THE TASK
Print the records below exactly, starting at the first line and stopping after the line that contains "Here's something I". Leave out any pictures.
[Opening INPUT FOR THIS TASK section]
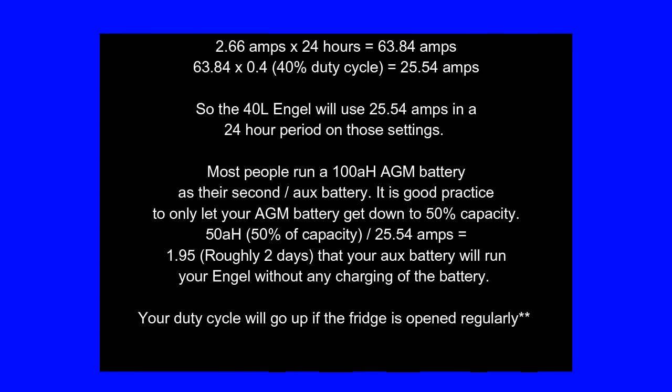Most people commonly run a 100 amp hour AGM battery as their auxiliary — that's pretty common. Good practice is to only let it get down to 50%, so go 50 percent of your battery capacity. That means your fridge can pretty much run for two days without any charging to the battery. Obviously your duty cycle will go up if you continuously open the fridge, so it might be just a little bit over that.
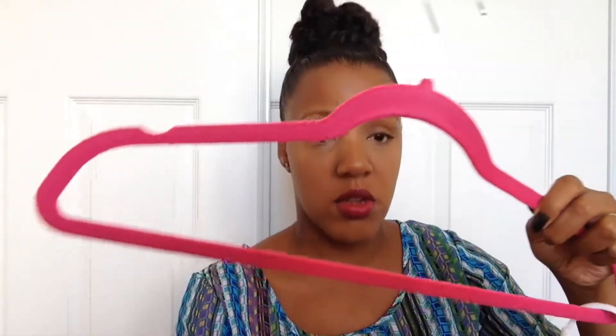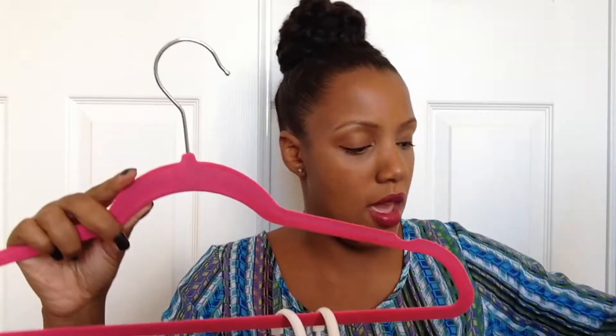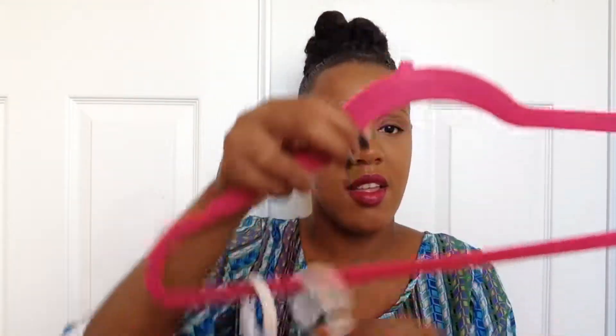All you need is some shower rods and some hangers. All you have to do is just grab your hanger, hang it on the shower rod, and just hook it. You guys, this is so easy. Just put it on there, keep on doing it like that. Grab a scarf and go ahead and hook it in.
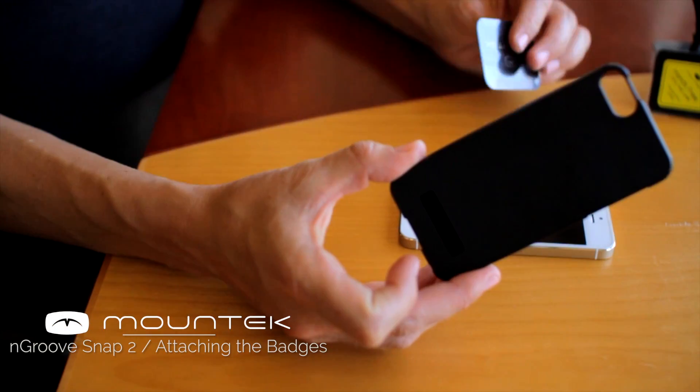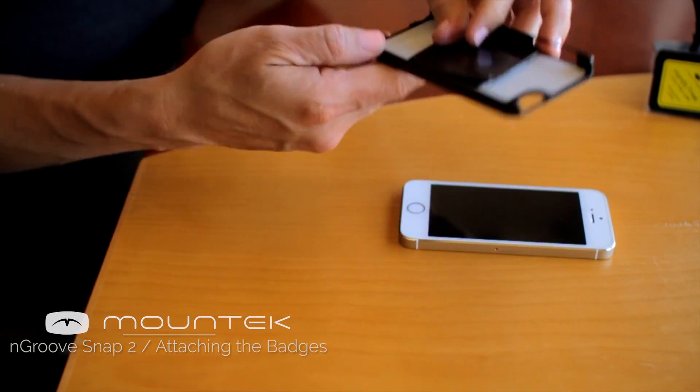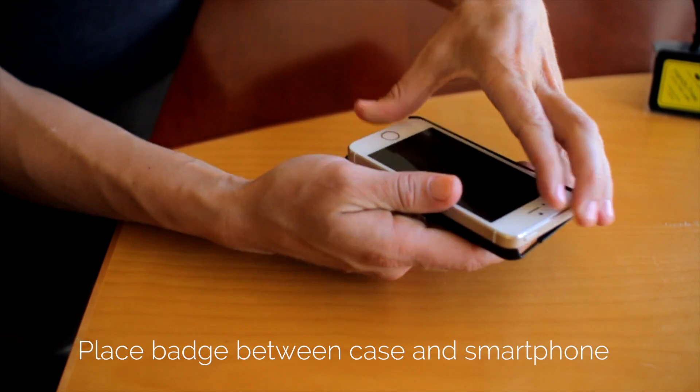One of the badges is thicker than the others. The reason why we have the badges with different thicknesses is that the magnetic hold is stronger with the thicker badges.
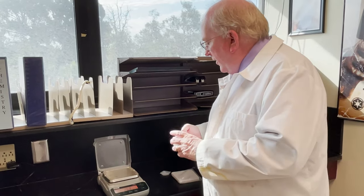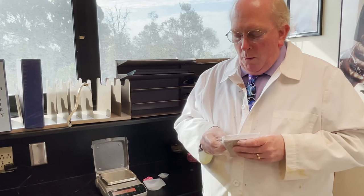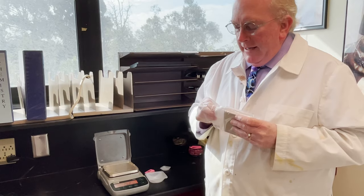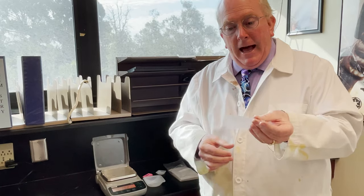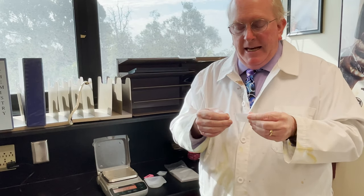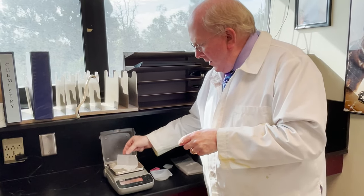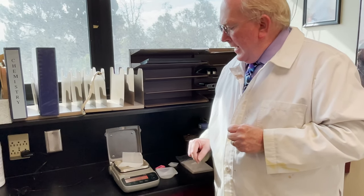Now, if you're not going to use one of the weighing dishes, we have what is called weighing paper. Weighing paper is very much like typical wax paper that you would find at home. It comes in a square sheet and what we do is we fold it in half and then fold it in half again. It does not need to be neat, don't worry. And now you have created your own little weighing boat. And you can zero that out.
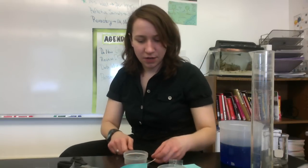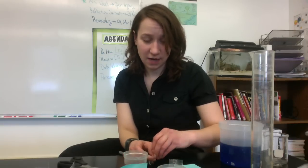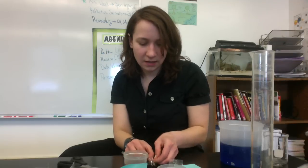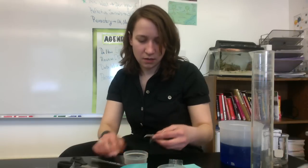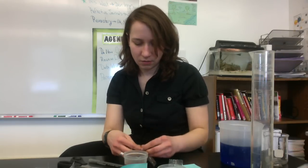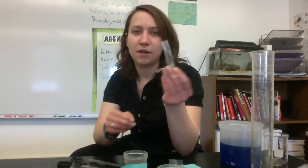You're going to take a piece of string and tie off one end of it. You want to tie really tight so that none of the solution that we're going to put inside can leak out. So there's my tubing tied really tight.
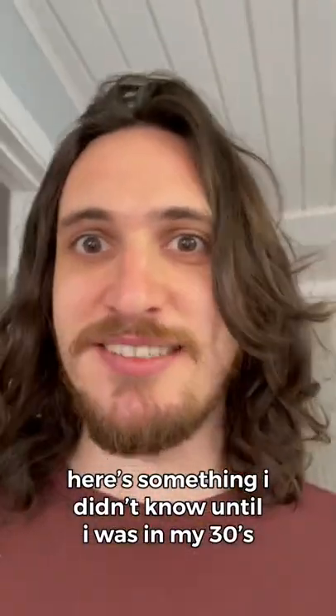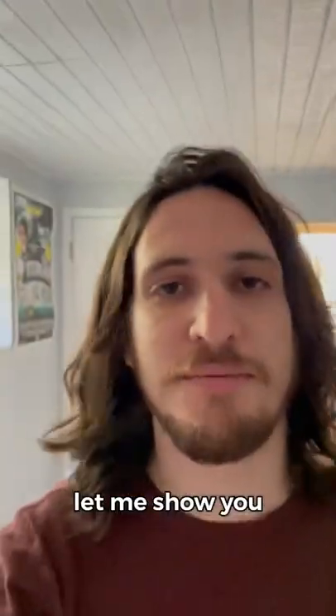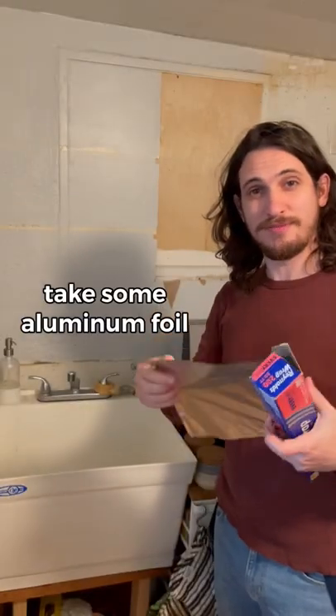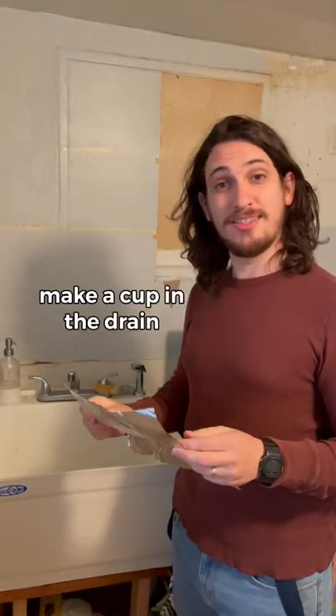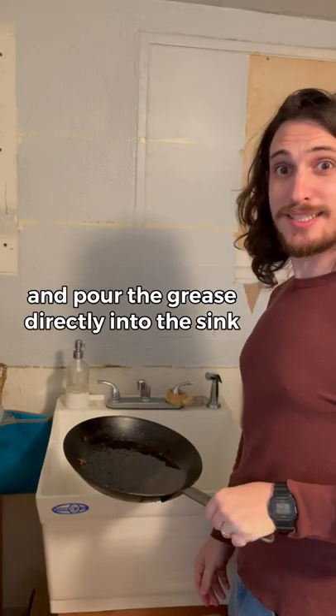Here's something I didn't know until I was in my 30s — you can pour grease directly into the sink. Let me show you. Take some aluminum foil, make a cup in the drain, like that, and pour the grease directly into the sink.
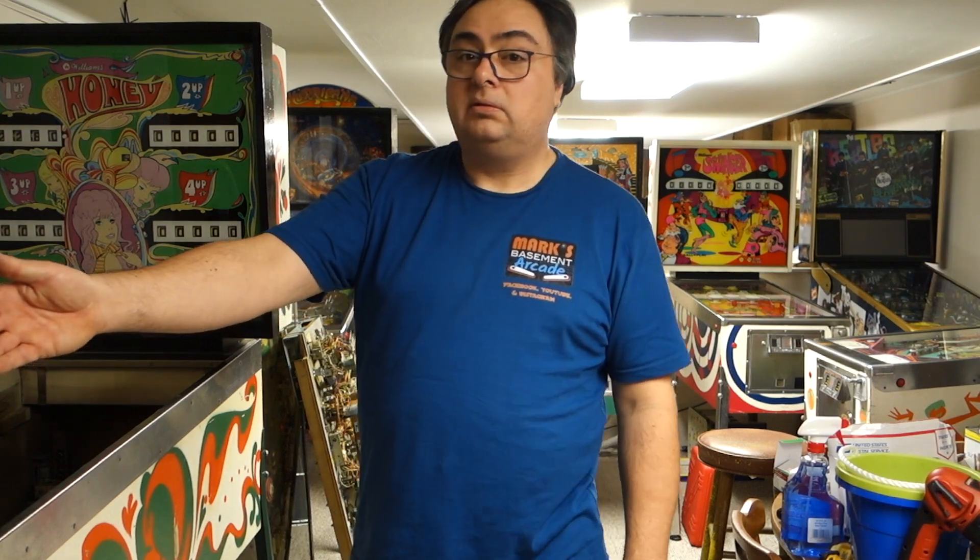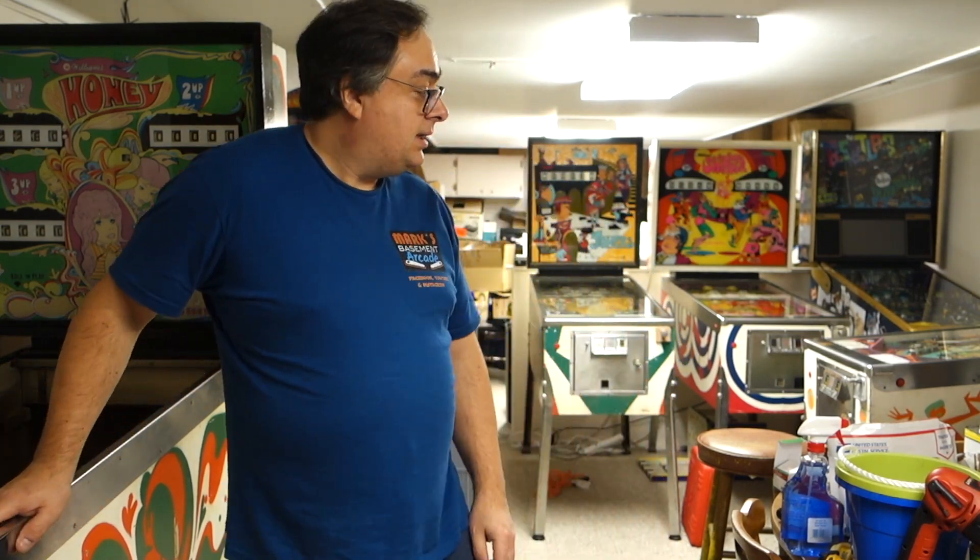Over here — you can't really see it, maybe you can't see it at all — we've got a Williams Skylab. That one's in really nice shape, just needs some tweaking and a little refurb work. And that's about it.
[Closing INPUT FOR THIS TASK section]
WRITTEN REPLY
Most people commonly run a 100 amp hour AGM battery as their auxiliary — that's pretty common. Good practice is to only let it get down to 50%, so go 50 percent of your battery capacity. That means your fridge can pretty much run for two days without any charging to the battery. Obviously your duty cycle will go up if you continuously open the fridge, so it might be just a little bit over that.
All you need is some shower rods and some hangers. All you have to do is just grab your hanger, hang it on the shower rod, and just hook it. You guys, this is so easy. Just put it on there, keep on doing it like that. Grab a scarf and go ahead and hook it in.
One of the badges is thicker than the others. The reason why we have the badges with different thicknesses is that the magnetic hold is stronger with the thicker badges.
Now, if you're not going to use one of the weighing dishes, we have what is called weighing paper. Weighing paper is very much like typical wax paper that you would find at home. It comes in a square sheet and what we do is we fold it in half and then fold it in half again. It does not need to be neat, don't worry. And now you have created your own little weighing boat. And you can zero that out.
You're going to take a piece of string and tie off one end of it. You want to tie really tight so that none of the solution that we're going to put inside can leak out. So there's my tubing tied really tight.
Here's something I didn't know until I was in my 30s — you can pour grease directly into the sink. Let me show you. Take some aluminum foil, make a cup in the drain, like that, and pour the grease directly into the sink.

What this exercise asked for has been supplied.